Saturday, January 31, 2009

Why Being A Cosmo Reader Is Good For Society

Is it such a bad thing to be a Cosmo Girl? Should I be embarrassed to celebrate my 45th birthday this week and “fan” Cosmopolitan on Facebook? Ever since I was in college, going to the beach or the pool always meant a Cosmo magazine in my bag.

If you threw up in first grade, you could still be “the kid who threw up” in college, so I’ve been thinking about my image with every word I type.

I’m not into the fashion and beauty products. You don’t need to tell me that color-coding your files will not get you a raise in the workplace. That’s not why I read Cosmo. The tag is “Fun Fearless Female”. Usually one of the headlines catches my eye and more often than not it contains the word “sex”. We all have the same questions and concerns about this subject but very rarely trust a friend to discuss them.

When I worked for the Chancellor of New York University, I stumbled upon the section of the library for PhD students studying Human Sexuality. I read every book on the shelves. Perhaps I would have earned a graduate degree if I had abandoned the school of public administration for this concentration. I couldn’t believe people were earning doctorates in the subject.

A few years later, when my husband, then boyfriend, was in graduate school, Dr. Ruth came to speak at the University of Maryland. He managed to get me a ticket. I remember being so glad that all the students were respectable and earnest with their questions.

So yes, I’m a Cosmo Girl, except now I’m probably a Cosmo Woman.

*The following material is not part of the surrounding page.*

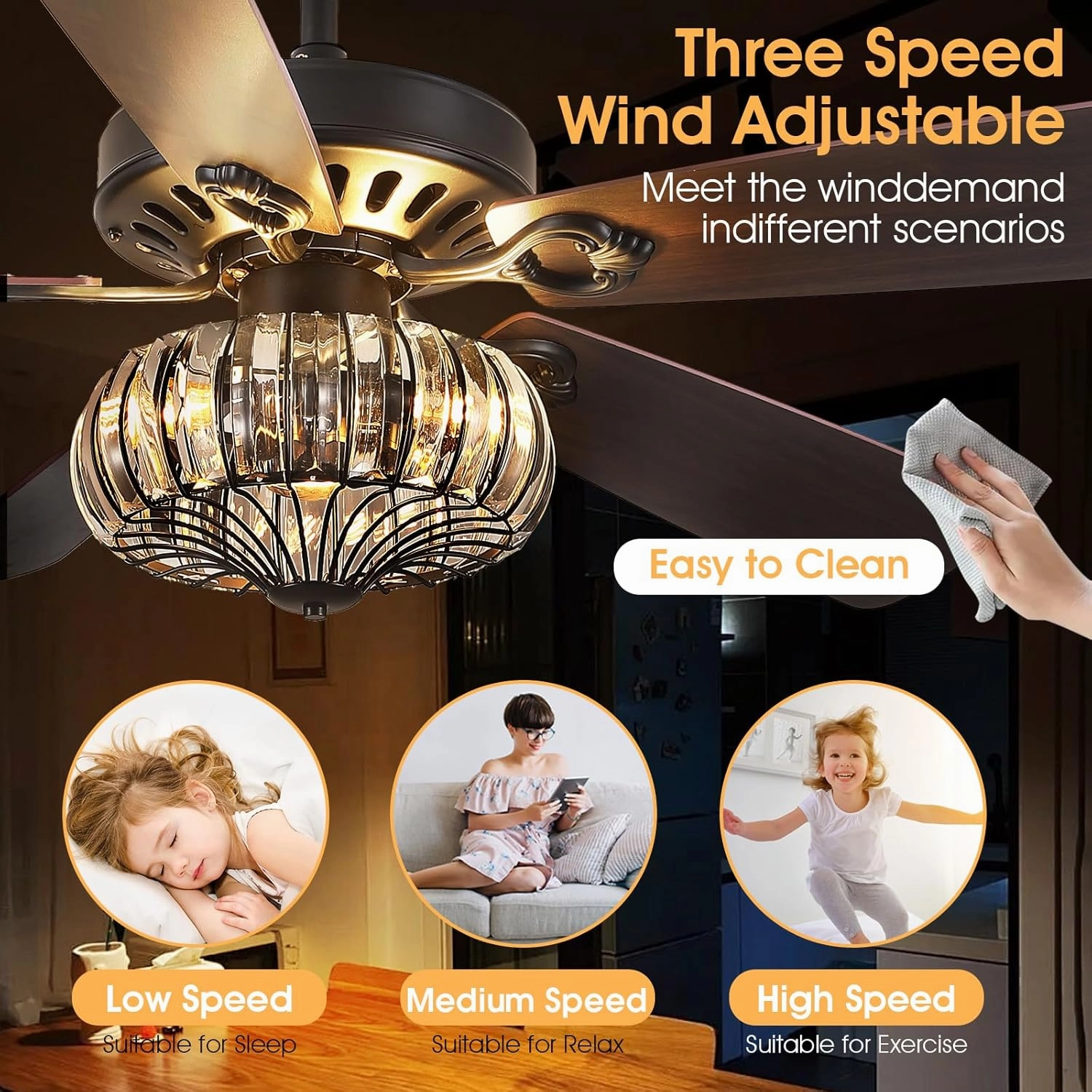 52" Farmhouse Chandelier Ceiling Fans with Lights and Remote,K9 Crystal Fandelier Ceiling Fan for Outdoor/Indoor Dining Room,Living Room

I can’t help but notice how the magazine is geared to young readers. All the uncertainty of dating and relationships makes me glad to be older. However, I still get the same sense of satisfaction that someone is answering women’s questions about the subject and suggesting ways for improvement. There’s nothing wrong with mixing it up and experimenting. Self-improvement should always include everything that you do.

Often I think I should be more respectable. Since I care about my personal brand, should I have admitted my secret magazine reading? Worst yet, should I be writing this explanation?

There’s absolutely nothing wrong with wholesome sex between consenting adults. It’s a natural part of life.

I’ve always believed that as a society we are completely contorted about sex. Sexual abuse and sex crimes statistics are always sickening. 1 out of every 6 women in the United States have been the victim of an attempted or completed rape. At least 20% of runaway teen girls were sexually abused. I think we have made progress in taking abuse seriously and prosecuting it as a crime, but its implications are still far reaching, especially concerning depression and substance abuse.

Although I want to have that perfect image, I’d never do it by hiding who I am. What’s attractive about Cosmo goes beyond any of my personal preferences. Those pages allow women to be women and discover what that entails. The articles provide a benchmark for a healthy way of approaching this part of life and send a message that women shouldn’t accept anything less. The more we as a society make strides to be open about sex, the more we will feel comfortable condemning the mangled, disgusting incidences of its abuse.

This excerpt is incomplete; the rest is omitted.